About this task:
Restate word for word the entries below, starting at the line with "Nike Wmns Air" and ending at the line with "Kütahya'da kültürel miras". Keep both end lines and omit the pictures.

Entries shown:
══════
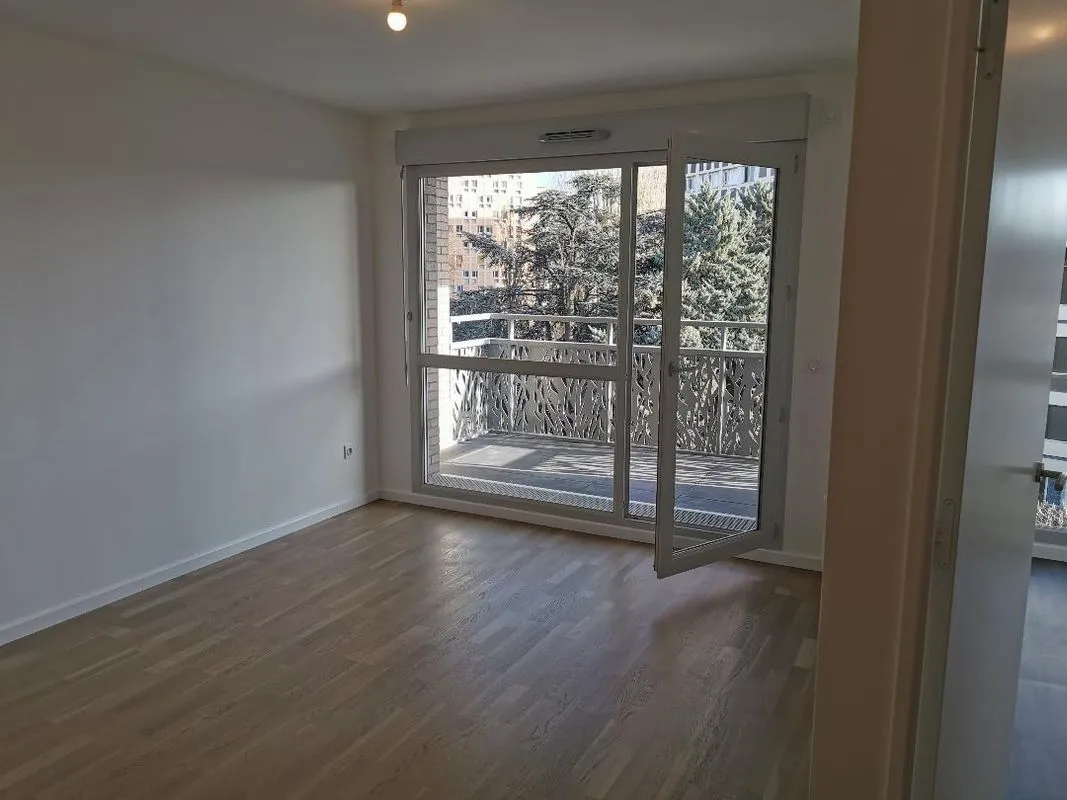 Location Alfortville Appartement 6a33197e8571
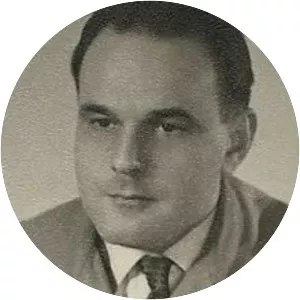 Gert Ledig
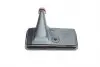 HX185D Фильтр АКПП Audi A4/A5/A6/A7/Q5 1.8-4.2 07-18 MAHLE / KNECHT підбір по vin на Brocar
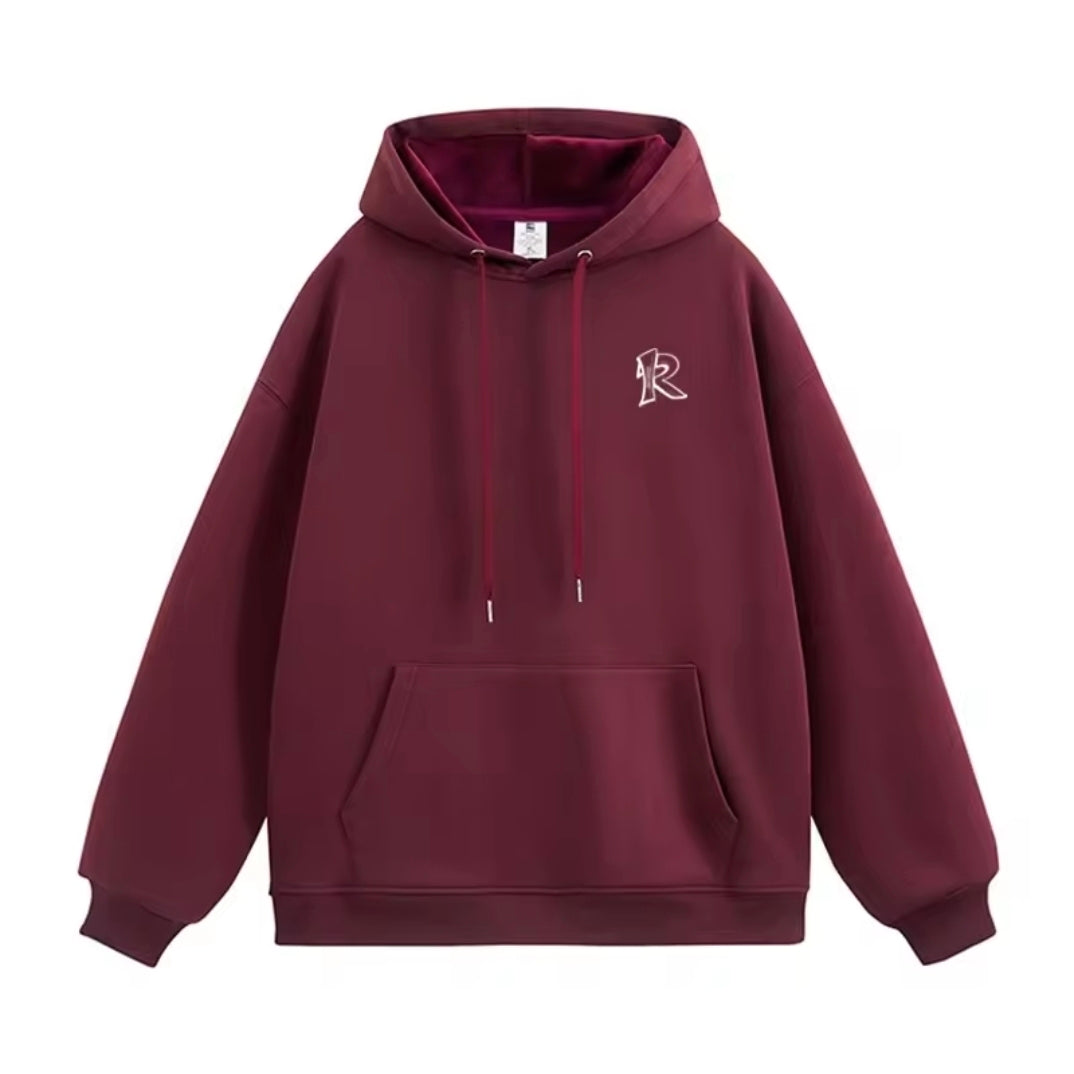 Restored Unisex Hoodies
══════
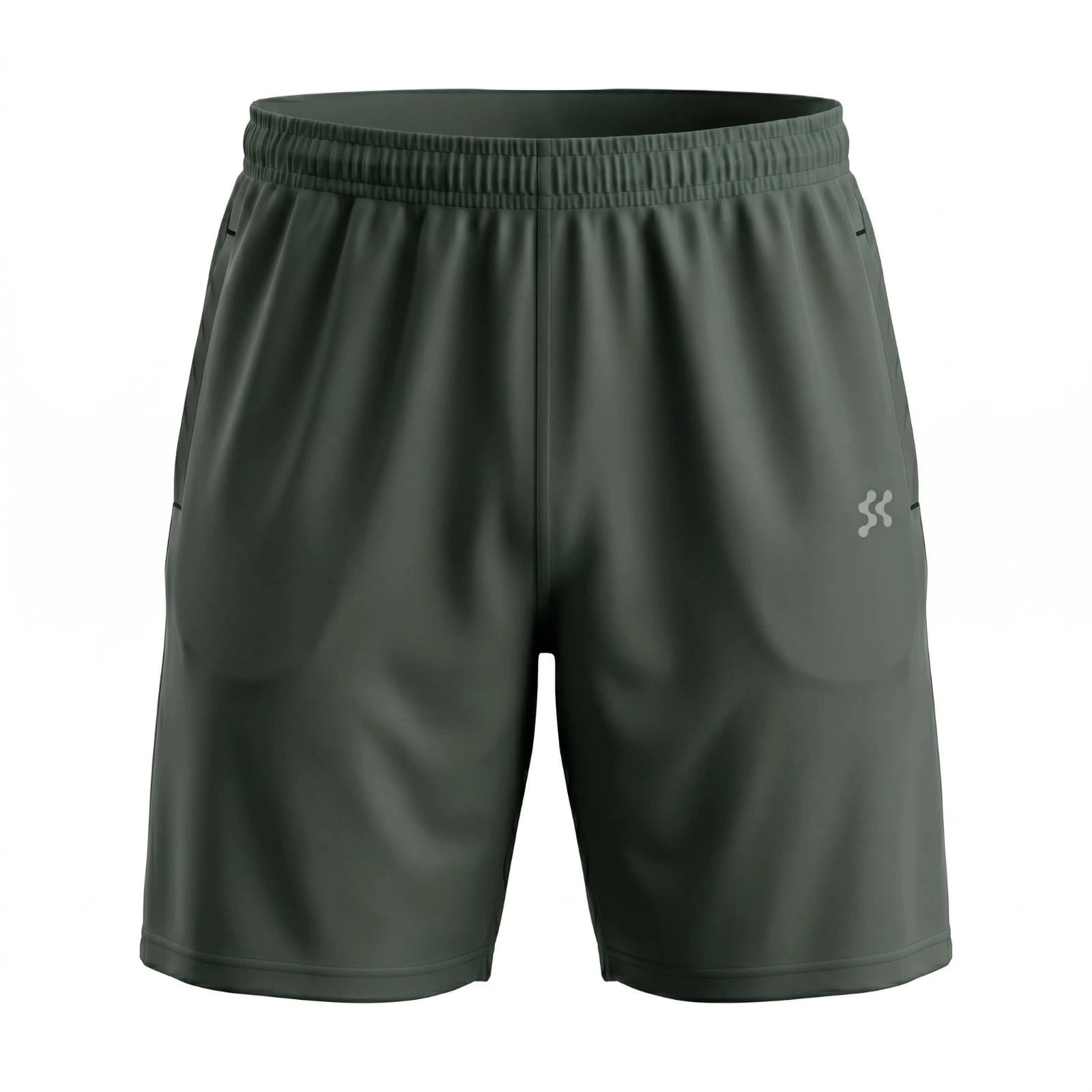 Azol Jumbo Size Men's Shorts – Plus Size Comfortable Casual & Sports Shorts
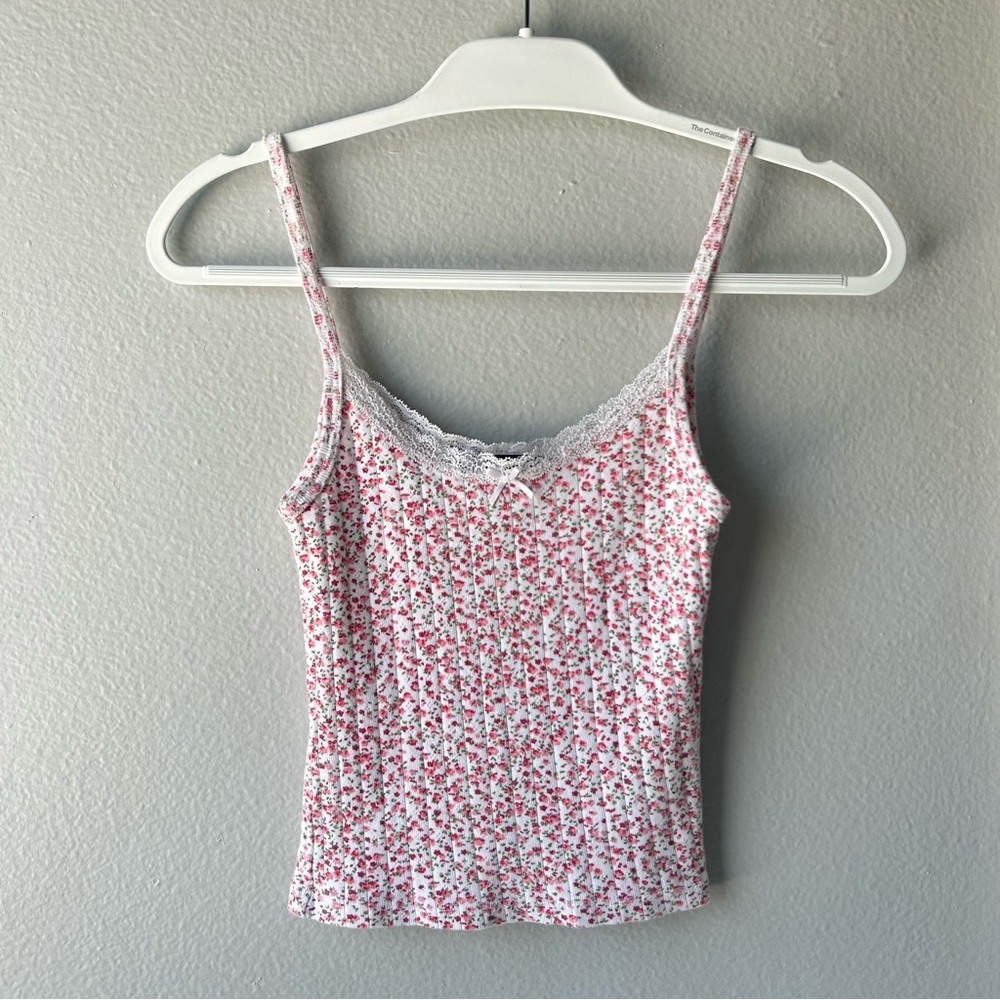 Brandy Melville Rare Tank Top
══════
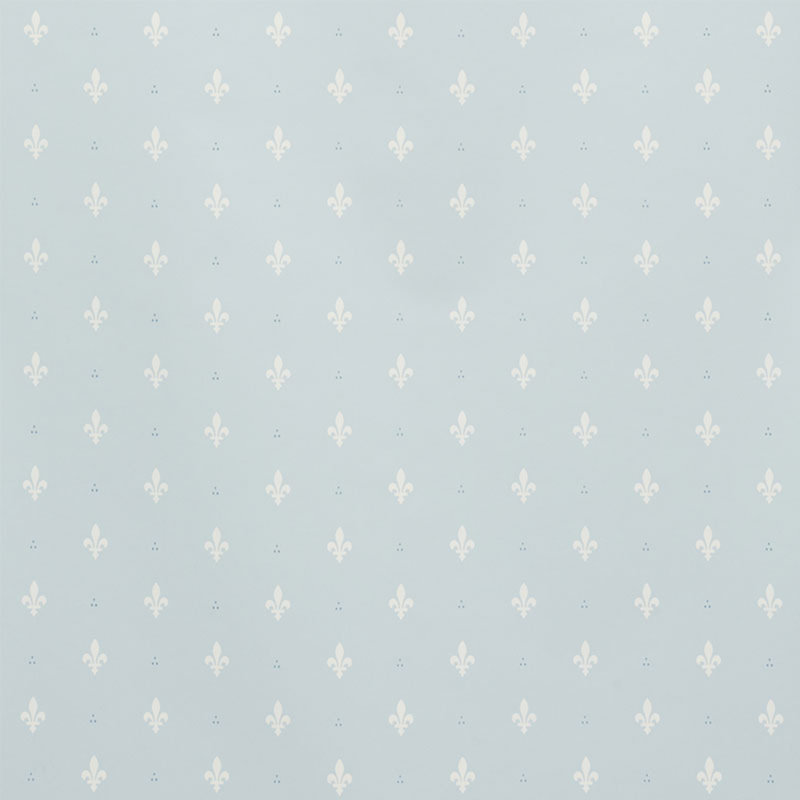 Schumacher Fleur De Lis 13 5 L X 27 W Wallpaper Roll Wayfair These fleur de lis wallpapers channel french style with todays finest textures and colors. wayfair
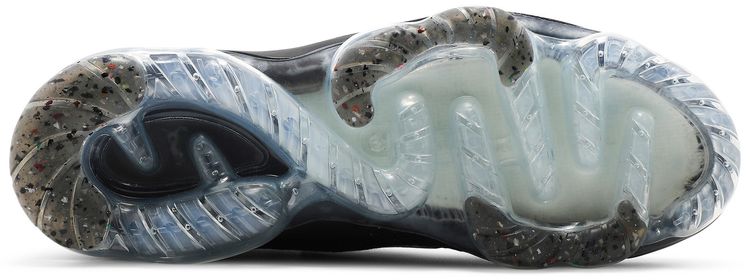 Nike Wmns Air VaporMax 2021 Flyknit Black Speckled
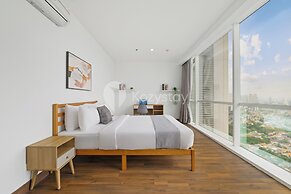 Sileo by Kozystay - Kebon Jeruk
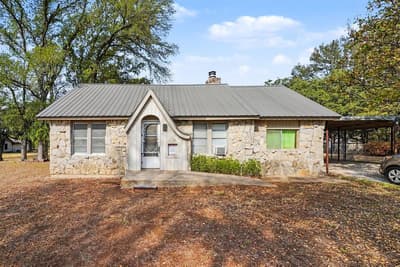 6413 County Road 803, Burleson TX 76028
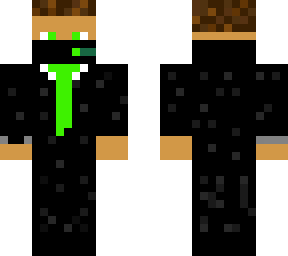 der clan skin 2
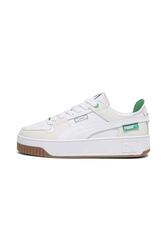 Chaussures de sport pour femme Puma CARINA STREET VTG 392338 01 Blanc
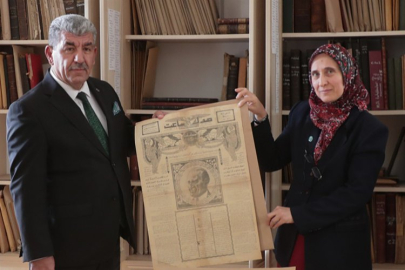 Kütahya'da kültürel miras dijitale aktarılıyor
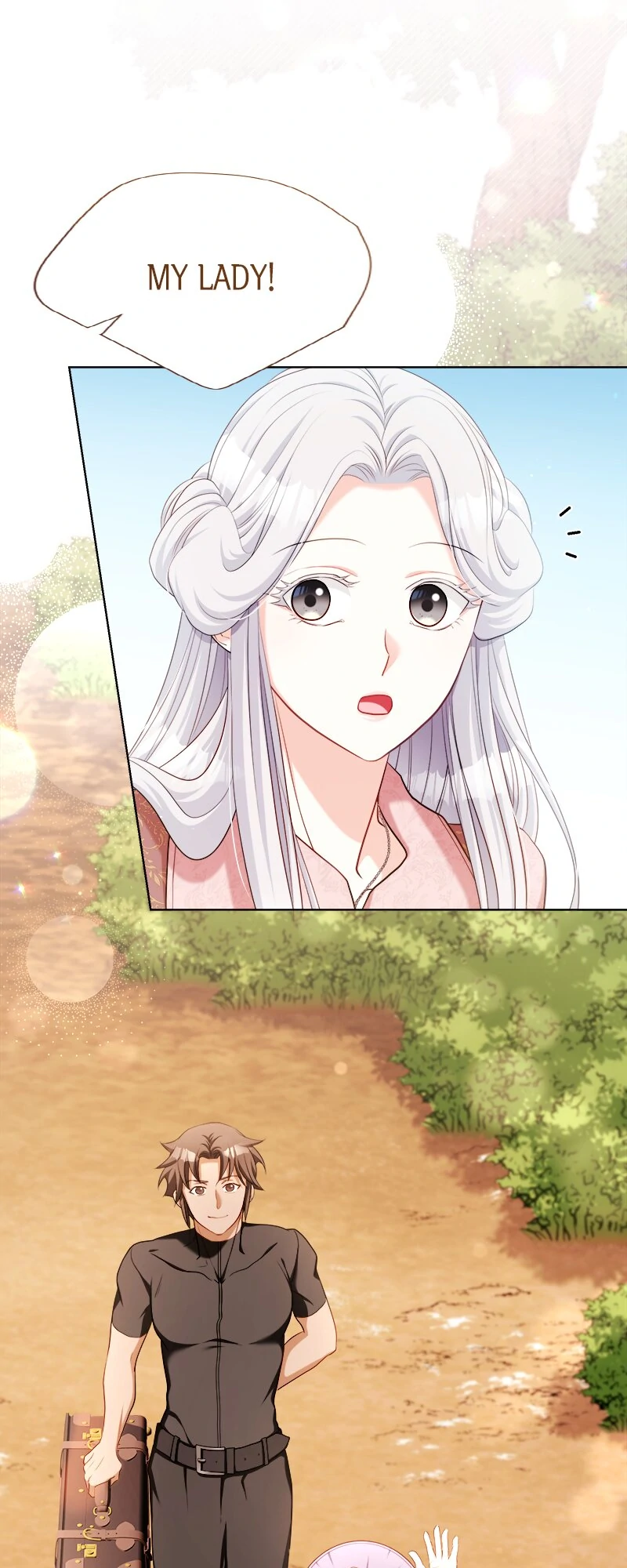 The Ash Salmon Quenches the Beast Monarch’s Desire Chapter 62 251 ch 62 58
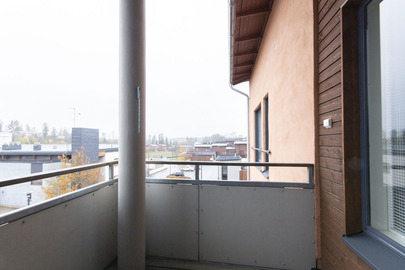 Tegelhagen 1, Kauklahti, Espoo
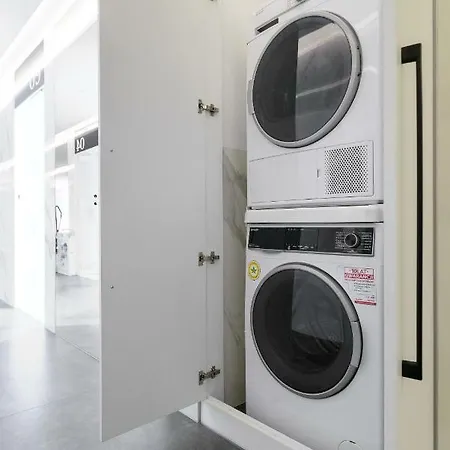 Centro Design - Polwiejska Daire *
══════
Response to this exercise:
 Nike Wmns Air VaporMax 2021 Flyknit Black Speckled
 Sileo by Kozystay - Kebon Jeruk
 6413 County Road 803, Burleson TX 76028
 der clan skin 2
 Chaussures de sport pour femme Puma CARINA STREET VTG 392338 01 Blanc
 Kütahya'da kültürel miras dijitale aktarılıyor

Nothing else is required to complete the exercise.